6542.2025年4月11日(金) 懐かしい大学受験用語「四当五落」

 久し振りに大学受験当時の懐かしい言葉「四当五落」を想い出した。

 今朝の朝日新聞・死亡広告欄に目をやって意外な人物の訃報に時代を感じたのである。赤尾文夫・旺文社会長の訃報である。この人は知らないが、父親である「旺文社の赤尾好夫社長」と言えば、我々と同じ受験世代の間では旺文社を創立し、赤尾のマメタンと呼ばれた赤い表紙の英単語集などを出版した、実に著名な人物だった。旺文社は当時受験雑誌界の先陣を切っていた。赤尾社長は「大学式典序曲」のテーマミュージックで始まるラジオ番組にも出演して、英語を教えていたような記憶もある。冒頭に「旺文社の赤尾です」という口上を述べて個性的な講義を始めた。

 昭和32年に2浪に別れを告げて大学生になって以降は、受験雑誌とはまったく縁がなくなってしまったが、中高生時代は同社の発行する「中学時代」「高校時代」「蛍雪時代」をよく読んでいた。

 どうしても忘れられないのは、旺文社?が「四当五落」と言う言葉を創出して受験戦争を煽り、受験界では一時この言葉が大きな話題になっていたことで、一部には反論もでていた。その4文字は、大学受験生はひたすら脇目も振らずに受験勉強に励むべきだという主旨から「1日に4時間しか寝ない人は合格できて、5時間以上寝ている人は不合格になる」という意味である。睡眠時間が4時間程度では、認知能力が低下して、逆に勉強効果は落ちることが分かって、今やこの「四当五落」は死語となっている。当たり前だと思う。4時間しか眠らないという言葉を真面には受け止めていなかったが、本当だろうか? 健康上は問題ないのだろうか? と当時でも寝足りなかった6時間の睡眠時間だった受験生にとっては疑問の言葉であり、真剣な問題だった。

 同社が発行していた受験雑誌、「中学時代」「高校時代」も今では廃刊になったようだが、随分いろいろな思い出を残してくれた。創立者の意思を継いで旺文社は、子息を後継者にして今その子息の訃報を知ることになった。
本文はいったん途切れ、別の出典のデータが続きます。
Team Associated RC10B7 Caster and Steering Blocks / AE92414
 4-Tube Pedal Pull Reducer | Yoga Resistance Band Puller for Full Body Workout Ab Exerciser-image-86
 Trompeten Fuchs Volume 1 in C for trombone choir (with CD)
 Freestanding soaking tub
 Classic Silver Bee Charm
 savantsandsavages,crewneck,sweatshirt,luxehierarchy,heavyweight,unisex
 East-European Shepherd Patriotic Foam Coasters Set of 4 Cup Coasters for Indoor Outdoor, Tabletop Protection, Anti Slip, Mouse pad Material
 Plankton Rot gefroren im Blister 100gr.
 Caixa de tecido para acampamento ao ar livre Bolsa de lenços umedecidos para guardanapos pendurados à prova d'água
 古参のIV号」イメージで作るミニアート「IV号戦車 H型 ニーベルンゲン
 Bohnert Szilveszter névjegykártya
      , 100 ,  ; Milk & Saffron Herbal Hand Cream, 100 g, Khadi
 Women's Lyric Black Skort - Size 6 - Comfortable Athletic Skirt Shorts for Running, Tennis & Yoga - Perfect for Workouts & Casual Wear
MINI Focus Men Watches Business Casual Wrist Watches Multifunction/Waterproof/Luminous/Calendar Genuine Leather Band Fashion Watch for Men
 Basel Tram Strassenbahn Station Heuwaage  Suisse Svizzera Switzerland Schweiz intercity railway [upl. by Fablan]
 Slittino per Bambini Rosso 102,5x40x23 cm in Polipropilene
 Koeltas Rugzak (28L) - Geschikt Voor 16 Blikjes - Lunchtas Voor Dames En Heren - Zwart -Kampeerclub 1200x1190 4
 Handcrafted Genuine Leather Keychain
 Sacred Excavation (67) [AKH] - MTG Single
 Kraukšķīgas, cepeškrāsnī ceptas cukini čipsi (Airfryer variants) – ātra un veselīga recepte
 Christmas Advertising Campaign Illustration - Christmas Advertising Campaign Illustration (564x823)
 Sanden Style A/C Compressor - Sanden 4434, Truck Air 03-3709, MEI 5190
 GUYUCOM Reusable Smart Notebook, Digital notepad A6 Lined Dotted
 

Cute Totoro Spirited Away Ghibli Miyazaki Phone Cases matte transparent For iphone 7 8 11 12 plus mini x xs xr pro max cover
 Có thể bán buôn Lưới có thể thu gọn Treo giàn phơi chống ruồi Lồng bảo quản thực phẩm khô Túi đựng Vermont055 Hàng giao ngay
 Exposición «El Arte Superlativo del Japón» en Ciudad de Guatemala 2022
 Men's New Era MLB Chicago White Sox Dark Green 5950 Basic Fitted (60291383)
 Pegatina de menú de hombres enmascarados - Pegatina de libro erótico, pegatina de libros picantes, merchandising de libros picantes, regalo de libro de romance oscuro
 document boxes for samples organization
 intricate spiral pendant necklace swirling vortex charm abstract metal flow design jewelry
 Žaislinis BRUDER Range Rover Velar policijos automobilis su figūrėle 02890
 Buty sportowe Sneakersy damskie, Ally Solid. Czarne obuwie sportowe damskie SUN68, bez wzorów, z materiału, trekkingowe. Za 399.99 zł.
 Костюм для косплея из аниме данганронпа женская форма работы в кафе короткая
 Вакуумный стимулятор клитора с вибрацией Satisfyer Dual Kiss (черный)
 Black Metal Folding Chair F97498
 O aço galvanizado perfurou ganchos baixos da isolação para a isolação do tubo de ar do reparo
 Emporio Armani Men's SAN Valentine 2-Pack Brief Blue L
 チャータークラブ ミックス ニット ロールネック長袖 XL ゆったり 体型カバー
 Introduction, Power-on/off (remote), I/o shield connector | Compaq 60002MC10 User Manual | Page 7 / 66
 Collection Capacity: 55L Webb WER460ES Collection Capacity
子息は我々より大分若いので、「四当五落」をどう思っていただろうか。

 今でも思い出すのは、中学2年時に購読した「中学時代」に掲載された、今や世界遺産であるチベットのポタラ宮殿のグラビア写真が強く印象に残り、いつかここを訪れて見たいものだと長年夢見るように思い、2007年に70歳を前に漸く念願を果たすことが出来たことである。宮殿入口への階段を登りながら海抜3,600mの外界を見下ろして感慨無量だったことも懐かしい。

 ところで、念願かなって大学生となると、入学式が心待ちになる。今月1日に早慶や青山学院など多くの私立大で入学式が行われたが、東大、阪大、東京都立大など国公立大では遅れて、入学式は今日行われた。

 私は、「四当五落」時代に受験に挑んでいたが、2年間を過ごした浪人時代は決してマイナス面ばかりではなかったと思っている。確かに家族には多大な世話をかけたし、視力も弱くなり眼鏡をかけるようになった。無駄だったとか、時間の浪費だったという人もいる。確かに暗闇の中ではあったし、必ずしも第一志望大に入れる保証はなかった。それでも気障なようだが、人生における気持ちのうえで余裕のようなものを身に着けたような気がしている。確かに就職の際には、不利だった。だが、今86年間歩んできた半生を振り返って、かなり思い切ったこともやってきたし我が人生に悔いはない。それは浪人生活を送った2年間に与えられた人生の余得によるものだと思っている。

 人生というものは、常に精一杯努力するなら無駄なことは無いと考えている。